Since 2018, he has been an active participant in international conferences of the educational program Limmud. He has taken part as a photographer, lecturer, and workshop leader (including the workshop “Does Photography Violate the Second Commandment ‘Thou Shalt Not Make for Thyself a Graven Image,’ or How to Photograph Celebrities”). Photographs from Khanin's exhibition “War. A View from Within” have been used by program lecturers.

Photographs taken by Khanin documenting the aftermath of the Hamas invasion of Israel (2023) were used in the music video “In Memory of the Innocent Victims” (2025) by Israeli singer Irina Kilfin. His wartime photographs were also featured in the music video by the Israeli female a cappella group The Pitches for the song “I Have No Other Country”.

== Solo exhibitions ==
A number of Khanin's solo exhibitions have been held in Israel, including:

- “Graduation” — in collaboration with artist and art educator Roni Reuven (2023, Givatayim Art Gallery).
- “Life on Stage” (2023, Petah Tikva Cultural Center).
- “Lenya Ptashka and His Friends” — an exhibition combined with a concert by Israeli jazz musician Leonid Ptashka (2024).
- “War. A View from Within” (2025, Petah Tikva; 2026, Haifa).
- “Remember What Amalek Did to You” — dedicated to the second anniversary of the Hamas invasion (2025, Skizza Gallery, Jerusalem).
- “Short Memory. Long Memory” — also devoted to the war and organized by art historian Ilya Rodov, Professor of Art History and Head of the Department of Jewish Art at Bar-Ilan University.

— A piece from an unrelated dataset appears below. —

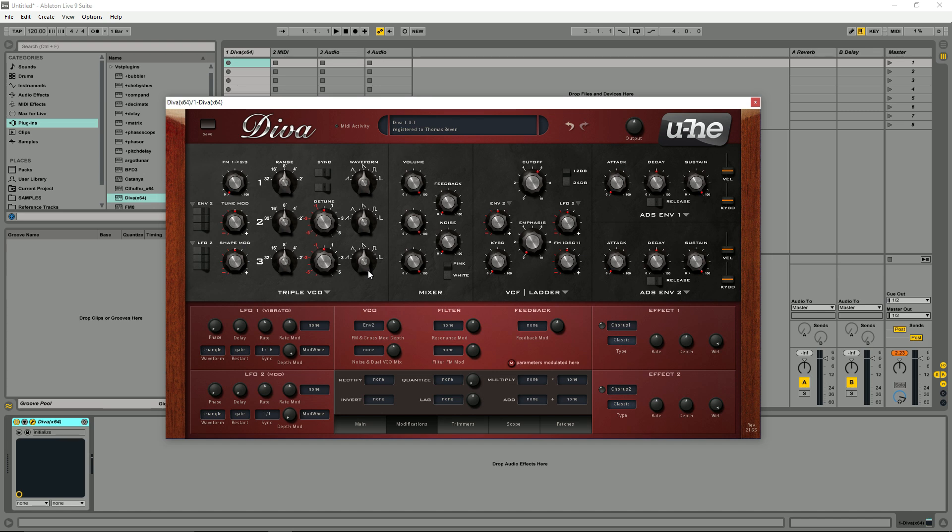So in the next video we're going to be going over the interface and patch menu in Diva. So let's just dive straight in.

== Awards and recognition ==
Khanin was named Photographer of the Year in 2017 by Glamur magazine as part of its “Person of the Year” awards, and was also a prizewinner in the 2022 All-Israel Photography Competition.

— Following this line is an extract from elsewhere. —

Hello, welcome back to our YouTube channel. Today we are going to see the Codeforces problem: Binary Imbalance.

In 2023, at the international photography competition “Theatre Through the Lens,” he won first place in the category “Movement in Art” for his photograph of the ballet A Midsummer Night's Dream, staged by the Theater Dortmund and performed at the Israeli Opera.

In 2025, he again won first place at the “Theatre Through the Lens” competition in three categories:

- Portrait — for a photograph from Marina Shaif's autobiographical performance (Fulcro Theater);
- Open Category — for a photograph of Fyodor Makarov in the play “Baba Frida” (Davay Theater);
- Movement in Art — for a photograph of Elizabeth Damsker in the play That's All You Need to Know About Conducting (A39 Theatre Studio).